John Paul II did not belong exclusively to “right” or “left,” regardless of the rhetorical tributes accorded him in the pages of the New York Post and other doctrinal journals. Such self-serving ideological diatribes shouldn’t affect his legacy and only tend to dishonor those who make them. Within his prolific writings and his stewardship of the church can be found the traces of both conservative and progressive influences, as might be expected from a European who spent his early life in struggle against Nazism and then Communism.
That duality was evident in his willingness to confront the decadent Soviet empire that had so long oppressed his homeland-by encouraging a worker uprising that signaled the beginning of the end of Communist oppression. As a lifelong advocate of labor rights, he didn’t fit so perfectly with the right-wingers who sought to appropriate his courage for their own ends-and whose hostility to labor was so antithetical to his philosophy.
Unlike his brave confrontation with Communism, however, John Paul II soon found that he lacked the means to effect real change in the capitalist juggernaut. His sermons on the dignity of work and the imperative to care for the poor went largely ignored by corporate and national leaders. As he observed growing inequality, he came to feel that “the exploitation produced by inhuman capitalism is a real evil,” and even suggested that he saw a “kernel of truth in Marxism.”
Indeed, following the first decade of his long Papacy, the most troubling problems faced by John Paul II were caused not by crumbling Communist regimes but by the triumphant, globalizing, omnipotent market, uprooting old cultures, implanting materialism and promoting secularism. In both its progressive and conservative manifestations, his reign can be seen as a response to those forces.
The Pope’s determination to enforce outdated restrictions on sexuality and his protests against unrestrained capitalism arose from the same impulse-as did his autocratic approach to new reformist and radical ideas within the church itself.
His administration of the church empowered the most reactionary bishops and lay orders, notably including the wealthy, secretive and authoritarian Opus Dei. A sincere apostle of freedom, human rights and democracy, he nevertheless came perilously close to imitating his old Communist enemies in promoting a group that bans books and exercises daily control over its members. Yet he and his allies were unable to suppress the increasing restlessness among Western Catholics over prohibitions against women’s ordination, priestly marriage, birth control within marriage and tolerance of homosexuality.

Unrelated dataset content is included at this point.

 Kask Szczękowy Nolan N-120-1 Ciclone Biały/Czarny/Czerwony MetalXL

He assiduously sought to enfold these encyclicals within a consistent “gospel of life” that rejected war and capital punishment as well as stem-cell research and euthanasia. But the more rigid aspects of his philosophy were hard to justify as millions turned away from the church-and millions more suffered for want of contraceptives and condoms.
The complications of John Paul II went beyond his conflicts with modernity. While he rebuked Catholic theologians who had dared to question Papal infallibility and other aspects of traditional law, he acknowledged the actual fallibility of his predecessors with two remarkable acts: his apology for the past sins of the church against “our elder brothers in faith,” the Jews, and his broader apology for the church’s errors during the millennium celebration.

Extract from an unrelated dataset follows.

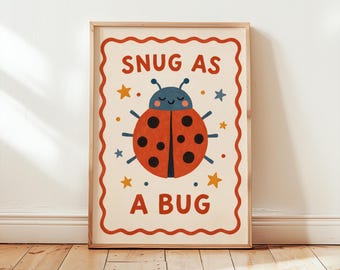 Snug as a Bug Nursery Wall Art, Vintage Ladybug Print, Retro Kids Room Decor, Boho Baby Nursery Poster, Whimsical Bug Art, Playroom Wall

In that open spirit and in defiance of old prejudices, he enunciated his most profound message, venturing from church to synagogue to mosque, meeting and praying with the prelates and priests of other denominations and even other religions. Unafraid to embrace the possibility of truth and grace in diverse faiths, he inspired multitudes in his campaigning for human solidarity. Immune to cynicism, this great and good man served us all as the tireless apostle of peace and reconciliation-which is why so many people who disagreed with John Paul II will continue to read him, admire him and honor his memory.